TASK INSTRUCTIONS
Find the line containing "Baby bodysuit with" in the records below. Copy exactly that line and each one after it, ending at the line containing "Red Fox Crewneck Sweatshirt 4", and nothing more.

---- RECORD SET

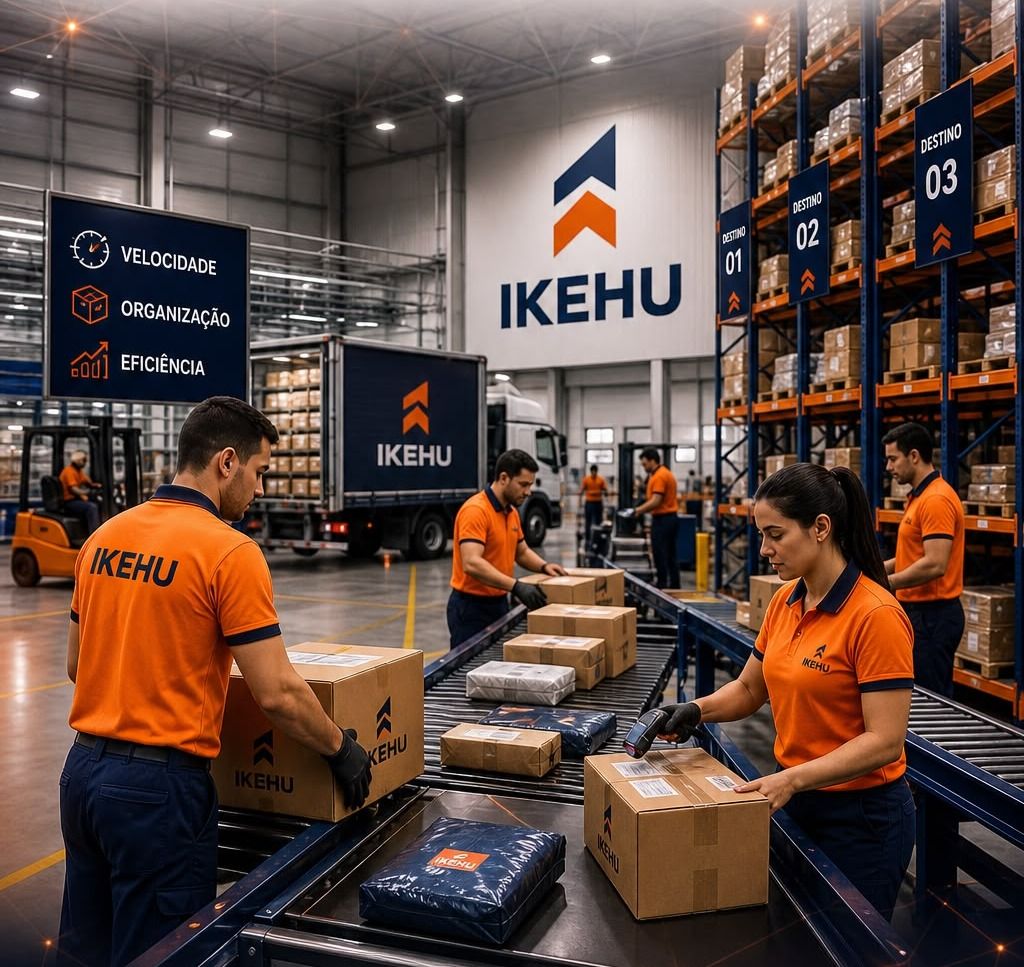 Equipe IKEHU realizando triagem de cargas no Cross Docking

--------
---- RECORD SET

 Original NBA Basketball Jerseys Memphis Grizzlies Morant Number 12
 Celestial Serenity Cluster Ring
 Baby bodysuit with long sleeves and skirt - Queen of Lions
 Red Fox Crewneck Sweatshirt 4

--------
---- RECORD SET

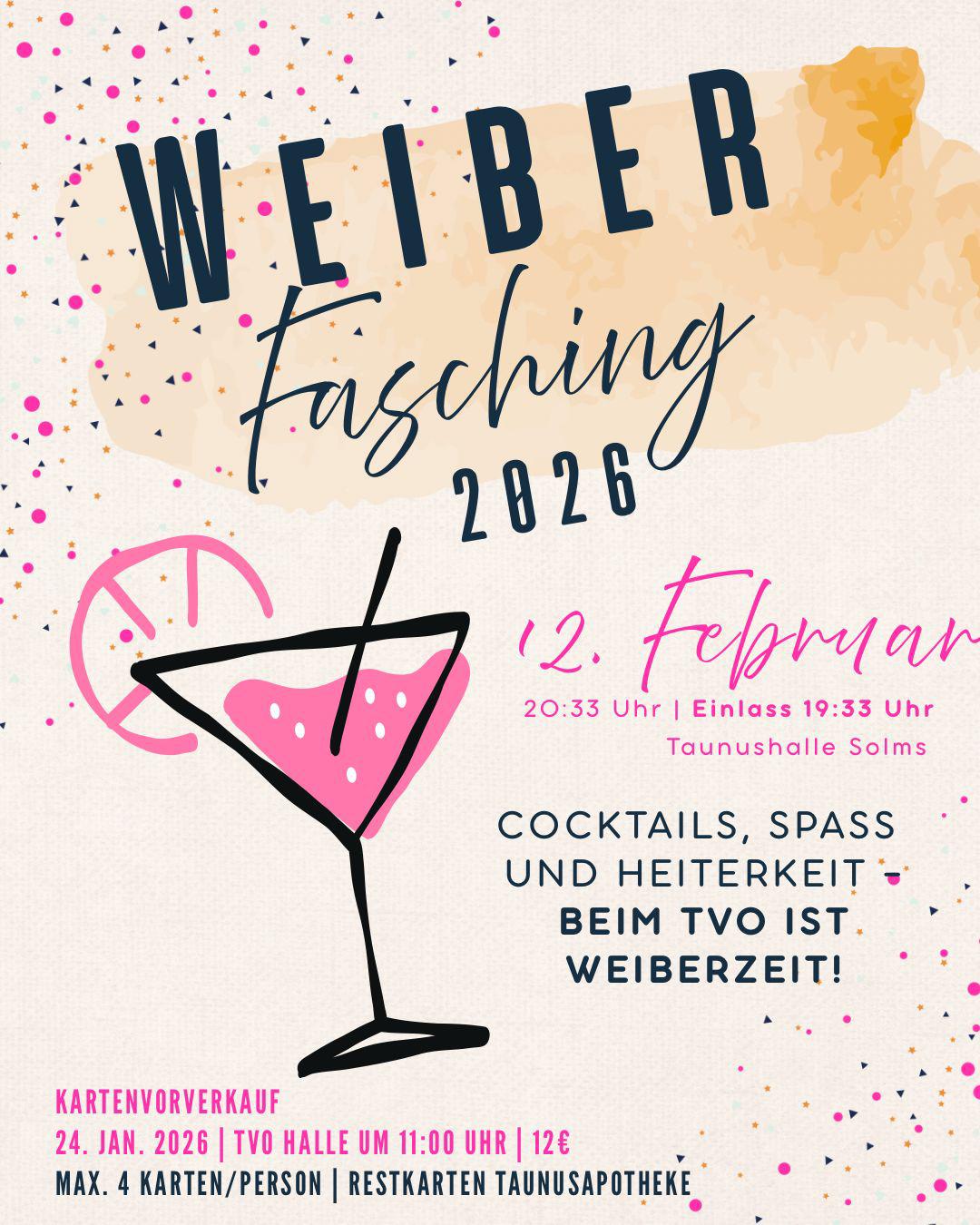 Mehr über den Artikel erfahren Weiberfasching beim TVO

--------

THE ANSWER
 Baby bodysuit with long sleeves and skirt - Queen of Lions
 Red Fox Crewneck Sweatshirt 4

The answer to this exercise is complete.